As a brand name, Microsoft remains iconic. Yet it, too, has struggled to make inroads into the mobile space; too slow, say some, to respond to market demand. The sales of its Surface tablets (most charitably described as sluggish) highlighting this significantly.
At the same time, Nokia has struggled against competition from Samsung and Apple with sales falling 24% in the three months to June, compared to last year.
The question on the lips of many industry analysts and consumers alike is: will the partnership of two relatively also-rans in terms of the mobile and OS space really be the answer to rivalling the likes of Apple and the Android OS?
Some believe that the sale of Nokia (an established 150 year old company) for the relatively paltry sum of $7 billion is tantamount to a ‘fire sale’, and others have questioned the move as a last role of the dice for Steve Bulmer; aiming to leave a legacy in the mobile space before his immanent departure from office.
Look more closely however and there may be more than one reason (the share price of Nokia) to believe Microsoft has pulled out a proverbial rabbit from the hat.
First, the partnership formed in 2011 placed the Windows Phone (WP) operating system in Nokia’s Lumia devices, and sales of Lumia have seen WP’s global market share rise to 3.3% – actually out performing former mobile heavy weights BlackBerry.

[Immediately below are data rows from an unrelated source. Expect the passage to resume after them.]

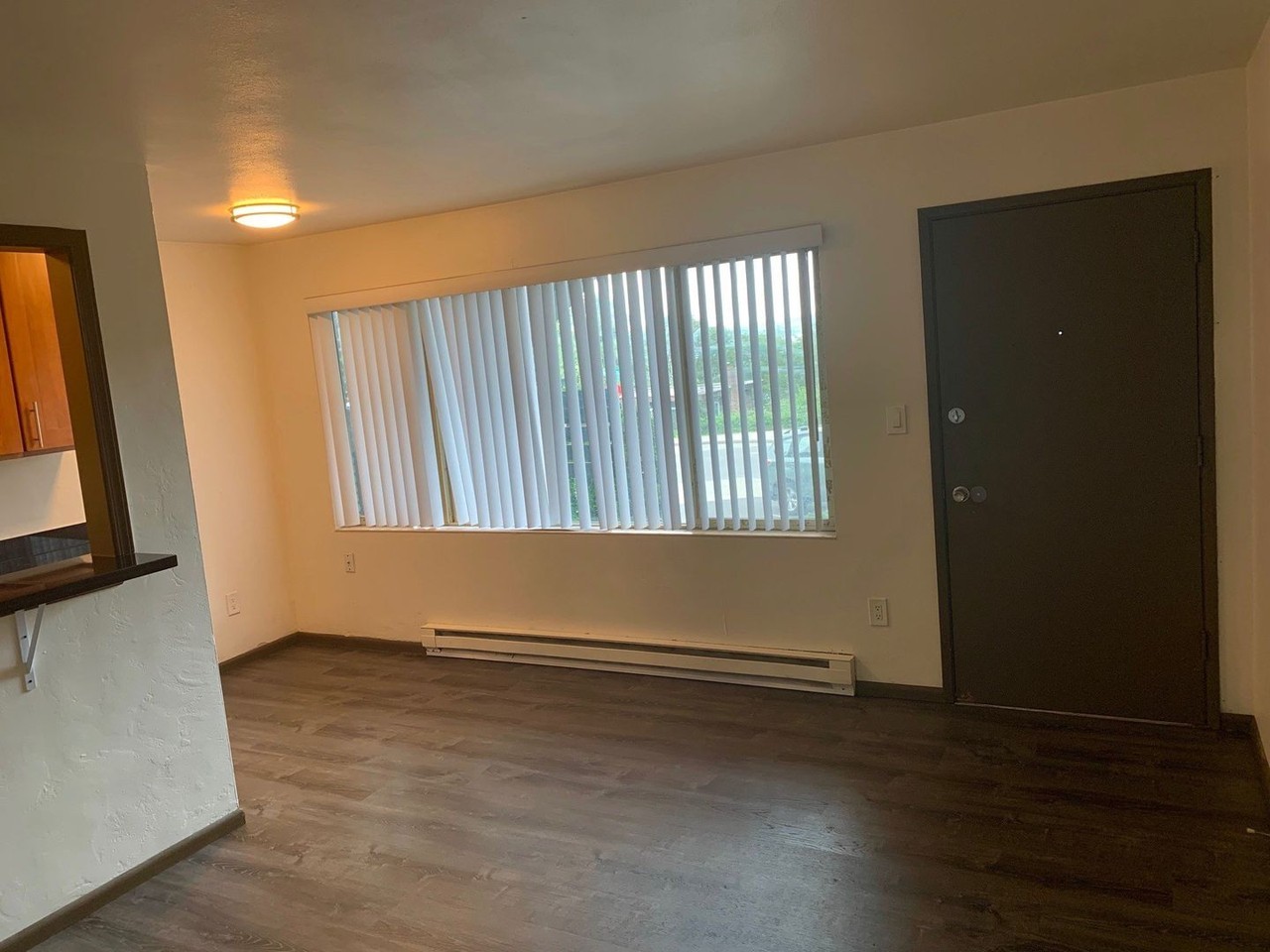 Westward Apartments - Photo 4 of 13
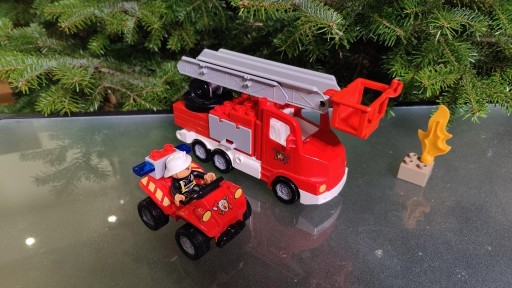 Zdjęcie oferty: Zestaw Lego DUPLO zestaw 5603 + wóz strażacki 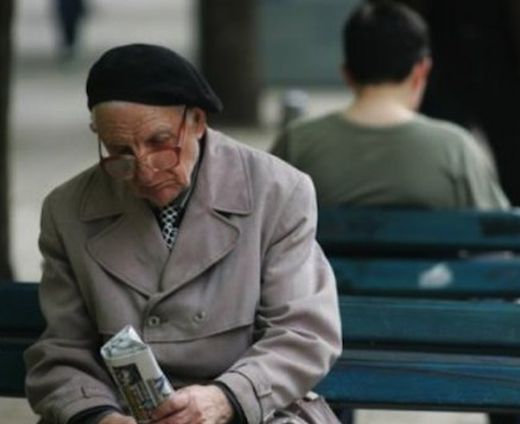 КЗП с важна информация за възрастните хора при подписването на договори с мобилните оператори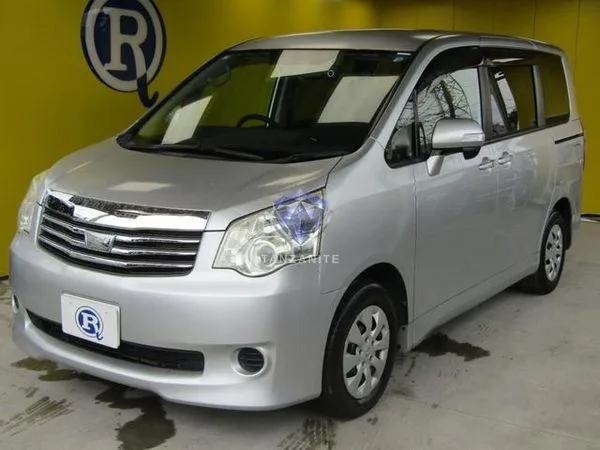 2013 Toyota Noah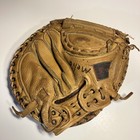 Vintage 7000 Professional Model Baseball Catchers Mitt Glove Rht Used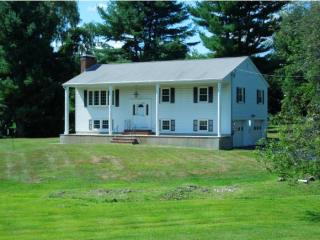 11 Hardy Rd, Londonderry, NH 03053 exterior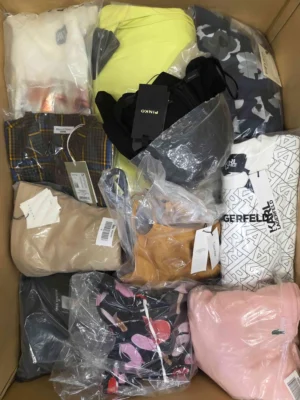 The photo shows a package with clothing in the category AP.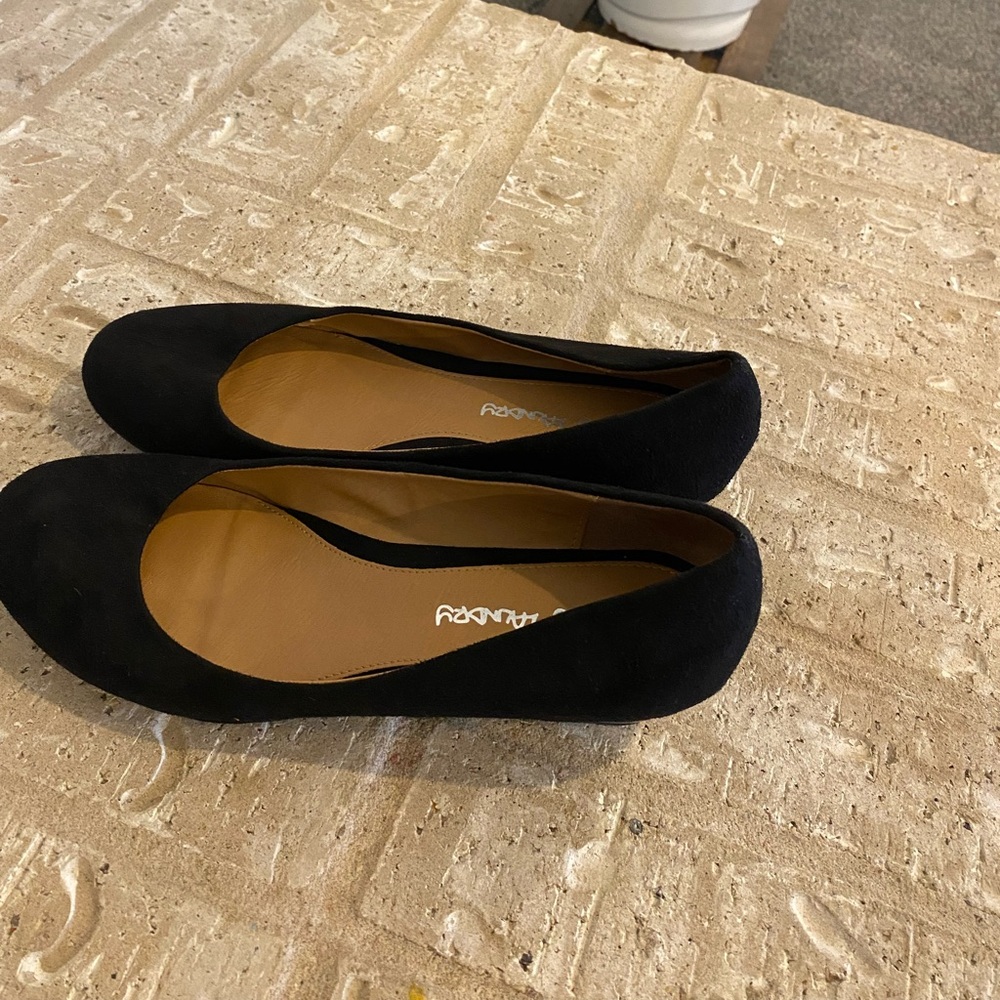 Dirty laundry Black Suede wedge shoe.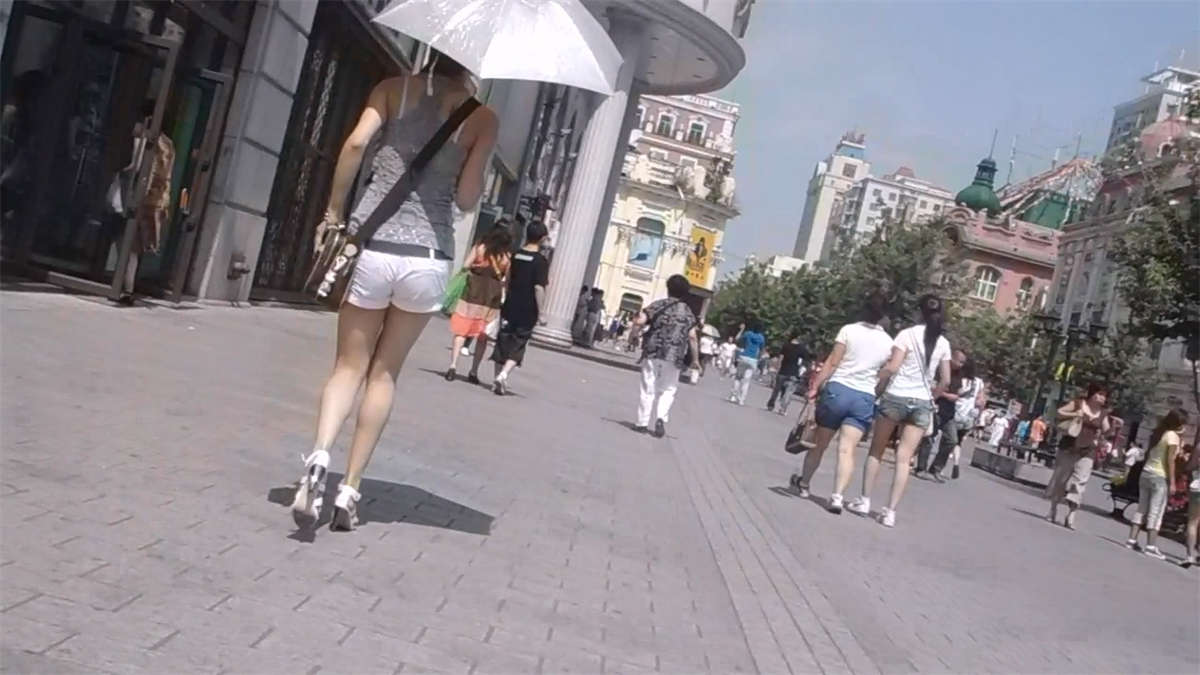 漂亮MM逛商场-日更街拍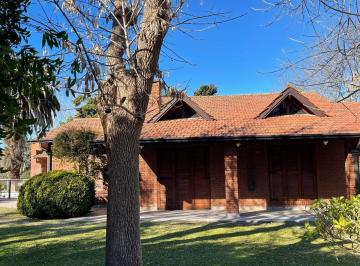 Casa · 200m² · 4 Ambientes · 1 Cochera · Casa Venta Parque Las Naciones Guernica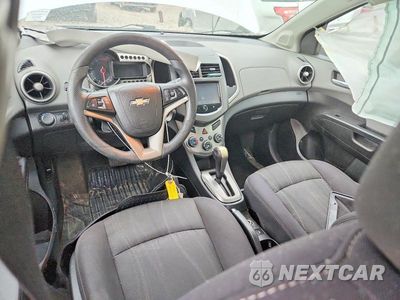 Zdjęcie 8 z 12 samochodu: 2015 CHEVROLET SONIC LT VIN:1G1JC5SB7F4171457 - miniatura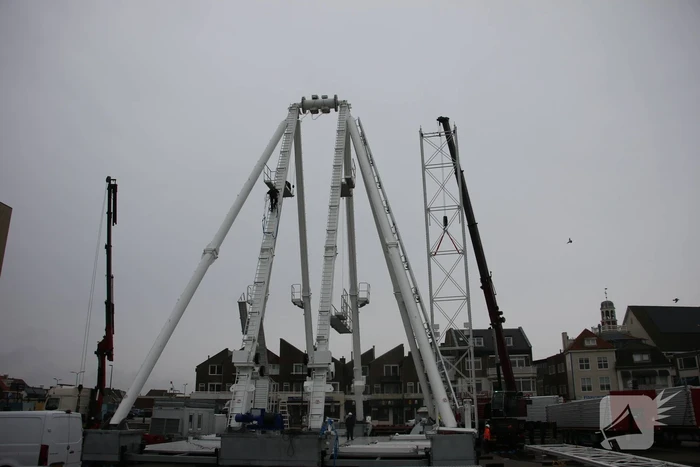 Opbouw grootste reuzenrad langs de kust in volle gang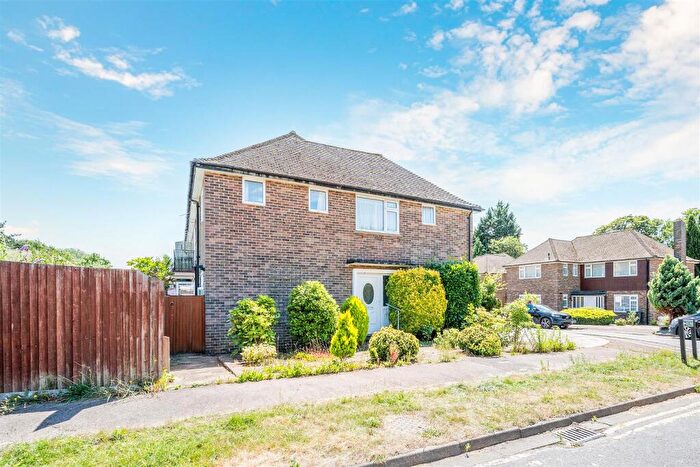 2 Bedroom Maisonette For Sale In Courtlands Crescent, Banstead, SM7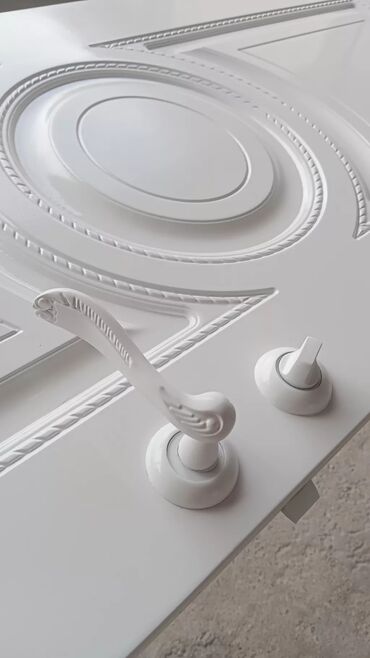 Ремонт, реставрация мебели: Услуга маляр покраска дверей рестобрация дверей установка дверей — 26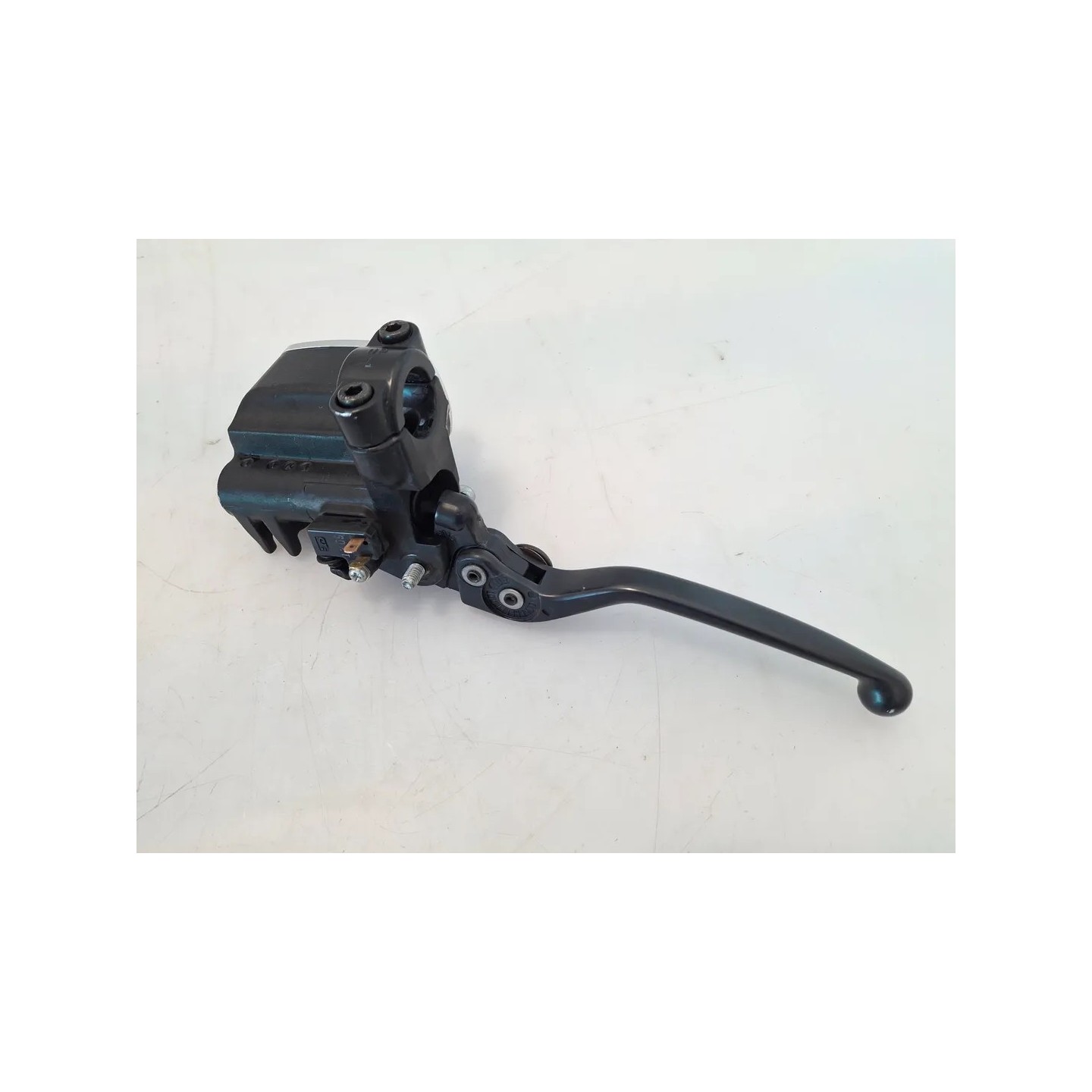 Pompa con serbatoio liquido freni anteriore Yamaha T-Max 530 (E3) (-14) T-Max 530 Black/Bronze Max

Secondly, Microsoft has a history of making astute acquisitions that have ultimately strengthened its overall market offering: it purchased aQuantive, an advertising company, on August 13, 2007 for $7.3 billion. A/Razorfish, one of the world’s largest digital agencies the same year; Norwegian enterprise search company Fast Search & Transfer to boost its search technology in 2008, and most recently in 2011 it acquired Skype for $8.5 billion.
Finally, despite not cracking the mobile market in the way he would have envisaged Bulmer still remains, first and foremost, a winner. He simply doesn’t back the wrong horse when it comes to significant business decisions.
One last point to leave you to ponder: who would have believed (apart from Steve Jobs & Paul Wozniak) during the late 90s when Apple brought out the iMac with its coloured back, that it would be the company it is today with all its influence and success? With this in mind, maybe Bulmer and co might just have the last laugh after all!